Одна из самых невероятных историй в нашей жизни с Таней — это история того, как мы сняли фильм «Избранные». Мы сняли его в Колумбии по роману тогдашнего президента Колумбии Альфонсо Лопеса Микельсена. По моему сценарию, в написании которого принимал участие Саша Адабашьян. Это совершенно фантастическая авантюрная история, которая началась с того, что как бы мы с Таней приняли решение о том, что мы женимся! А жить нам было негде. И вообще начинать жизнь было очень трудно и, главное, непонятно как. И тут Павел Тимофеевич Лебешев с его немыслимой авантюрностью очень переживал за меня, что я не могу снять квартиру в Москве. А тогда ее было невозможно снять ни за какие деньги. Он сказал: «Ничего у тебя здесь не получится. Вот давай, есть такое желание у президента Колумбии Альфонсо Лопеса Микельсена, чтобы русские кинематографисты экранизировали его роман „Избранные“ в Колумбии, а одновременно поучаствовали бы в создании колумбийской кинематографии. И это можем сделать именно мы с тобой. И к этому мы с тобой запросто можем привлечь Таньку». Вот такая немыслимая нечеловеческая авантюра завелась в Пашиной голове.
Избранные
И он мне ее просто вселил. Я был просто умственно обессилен поисками решения нерешаемой проблемы квартиры, и я сказал: «Черт с ним! Давай, поедем в Колумбию и будем снимать». Мы полетели в Колумбию. По пути я прочитал роман. Когда я прочитал, у меня волосы на голове зашевелились от ужаса. Потому что мне так не понравился роман и я понял, что снять там ничего не возможно. Но тем не менее, мы уже летим. В Колумбию лететь тридцать два часа, но и им прийдет конец. И мы приземлимся в Колумбии… И как мы пойдем общаться с Альфонсо Лопесом Микельсеном? Что я ему скажу? Но я уже понимал, что выскочить из этой авантюры иначе, чем снять фильм, уже невозможно. И я принял немыслимое решение — делать только то, что я считаю нужным без всяких дипломатических экивоков. Я написал сценарий так, как я считаю нужным, совершенно переделав от начала до конца весь роман. И каждый раз я надеялся, что меня прогонят. И если бы меня прогнали, то это было бы тоже решение вопроса. Мало ли меня гоняли в первые годы моего существования в кинематографе? И из кино, и с телевидения гоняли. Ну, еще прогонят из Колумбии. Очень хорошо!

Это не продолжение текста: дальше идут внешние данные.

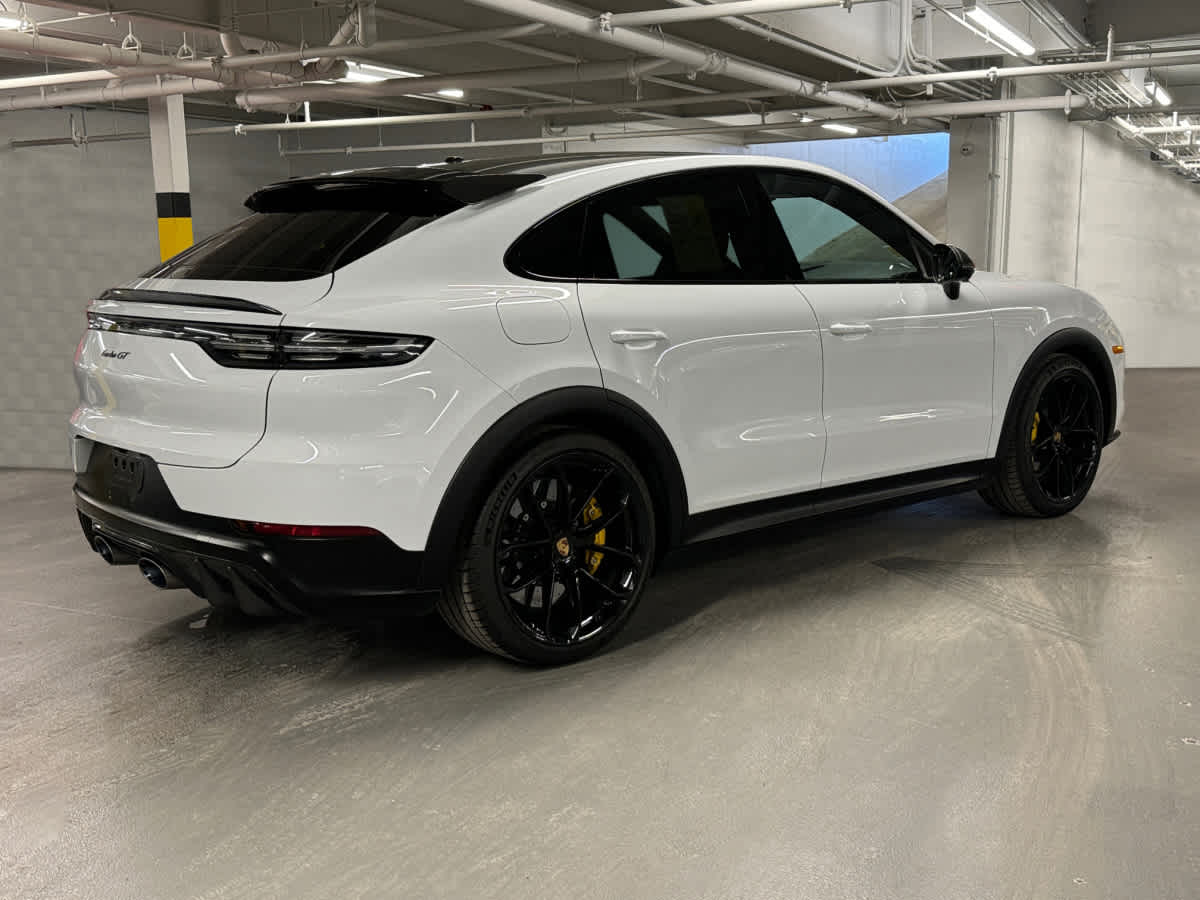 used 2022 Porsche Cayenne car, priced at $139,998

Но Альфонсо Лопес Микельсен оказался очень умным, тонким и деликатным человеком. Он почитал все, что было у меня написано по поводу его романа, и сказал: «А мне нравится! Это очень интересная трактовка!» И тогда я пошел на последнюю авантюру в надежде на то, что уж после этого меня уже непременно выкинут из Колумбии, вернув назад в родные российские Палестины. Я сказал, что единственный кандидат на главную роль божественной колумбийской женщины Ольги, которого я знаю в мировом кинематографе, — это гомеопат и врач-эндокринолог Татьяна Друбич. Микельсен был подготовлен к разного рода политическим авантюристам и сумасшедшим. Но такого рода сумасшествия он еще не слышал никогда в своей жизни, чтобы президенту республики Колумбии сказали, что колумбийку может сыграть только врач-эндокринолог из Москвы. Он такого, конечно, предположить не мог.